Let $A$ be a nonunital $C^{\ast}$-algebra and let $B$ be a unital $C^{\ast}$-algebra such that $A \subseteq B.$ Then $A + \mathbb C 1_{B} : = \left \{a + \lambda 1_{B}\ |\ a \in A, \lambda \in \mathbb C \right \}$ is a unital $C^{\ast}$-subalgebra of $B$ and is isometrically isomorphic to the unitization $A^+$ of $A,$ where $A^+ = A \oplus \mathbb C$ equipped with the componentwise addition and scalar multiplication by complex numbers and the product, involution and norm are defined respectively in the following way $:$
For any $(a,\lambda), (b, \mu) \in A^+$
$(1)\ (a,\lambda) \cdot (b,\mu) = (ab + \lambda b + \mu a, \lambda \mu),$
$(2)\ ((a, \lambda))^{\ast} = \left (a^{\ast}, \overline {\lambda} \right ),$
$(3)\ \|(a,\lambda)\|_{1} = \sup\limits_{\substack {b \in A \\ \|b\| \leq 1}} \|ab + \lambda b\|.$
I have managed to prove almost everything except the fact that the map $a + \lambda 1_{B} \longmapsto (a,\lambda)$ is an isometry. For this I need to show that $$\|a + \lambda 1_{B}\| = \sup\limits_{\substack {b \in A \\ \|b\| \leq 1}} \|ab + \lambda b\|.$$ It is clear that RHS $\leq$ LHS. How to prove the other way round? Any help or suggestion in this regard would be warmly appreciated.
Thanks a bunch.
Let's start with a lemma:
Lemma: If $\phi: A \to B$ is a $*$-isomorphism between $C^*$-algebras, then $\phi$ is isometric.

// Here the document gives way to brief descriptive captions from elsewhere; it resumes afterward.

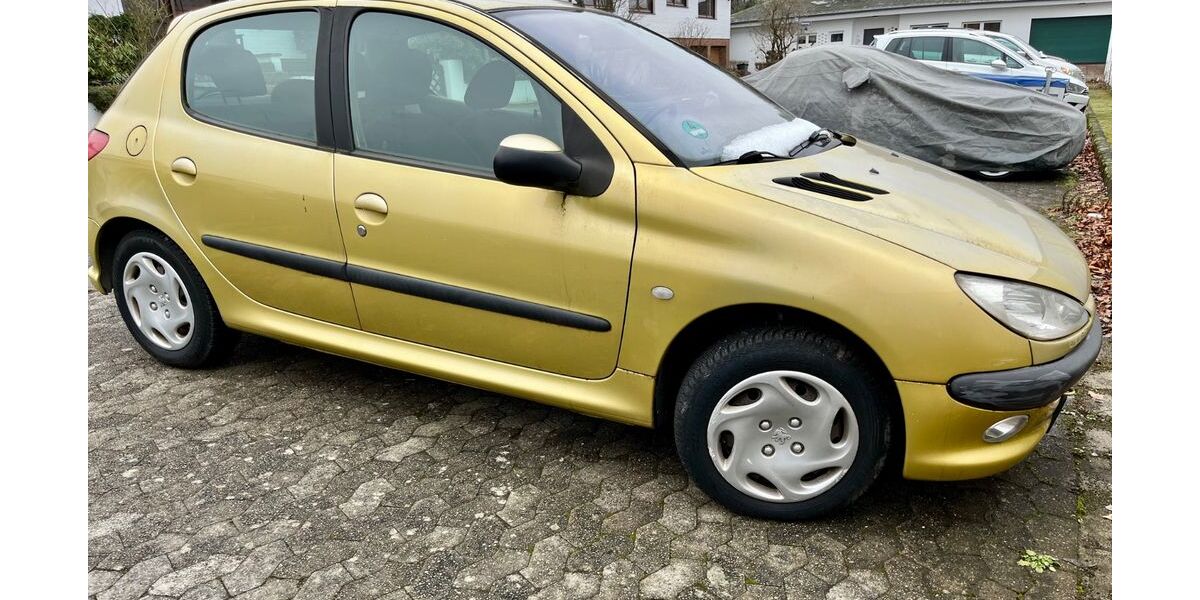 Peugeot 206 35.000 km 2.700 &euro; Wiesbaden 65207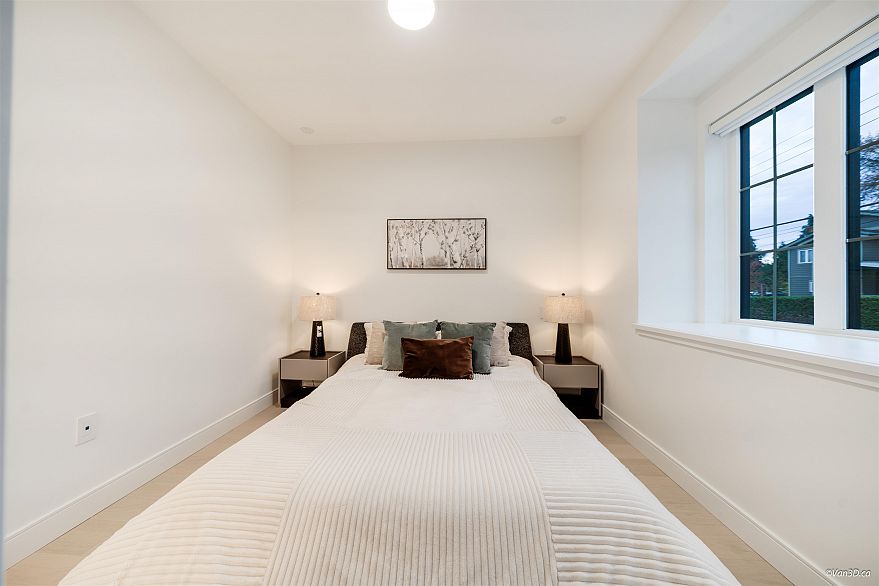 110 918 W 32nd Avenue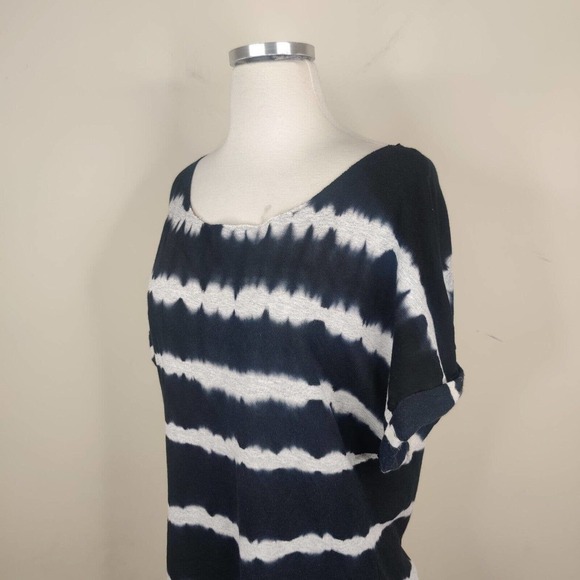 Bebe Top Tie Dye Short Sleeve Loose Fit Stretch Knit Shirt - Picture 5 of 8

Proof lemma: Define a norm $|||a|||:= \|\phi(a)\|_B$ on $A$. Routine verification shows that this is a $C^*$-norm on $A$. By uniqueness of the $C^*$-norm, we obtain $\|a\| = \|\phi(a)\|$ for all $a \in A$, so $\phi$ is isometric. $\quad \square$
Consider the map $$\Psi: A^+ \to A + \mathbb{C}1_B: (a, \lambda) \mapsto a + \lambda 1_B.$$ This is a $*$-homomorphism, because $$\Psi((x, \lambda)(y, \mu)) = \Psi (xy + \lambda y + \mu x, \lambda \mu) = xy + \lambda y + \mu x + \lambda \mu 1_B$$ and $$\Psi(x,\lambda)\Psi(y,\mu) = (x + \lambda 1_B) (y + \mu 1_B) = xy + \mu x + \lambda y + \lambda \mu 1_B.$$ Clearly, this map is also injective, because if $a+ \lambda 1_B = 0$, then $a= -\lambda 1_B$, which implies $\lambda = 0$ since $1_B \notin A$ (or $A$ would be unital) and thus also $a=0$.
It follows that $\Psi$ is a $*$-isomorphism. In particular, it is isometric, and the desired equality of norms follows from this.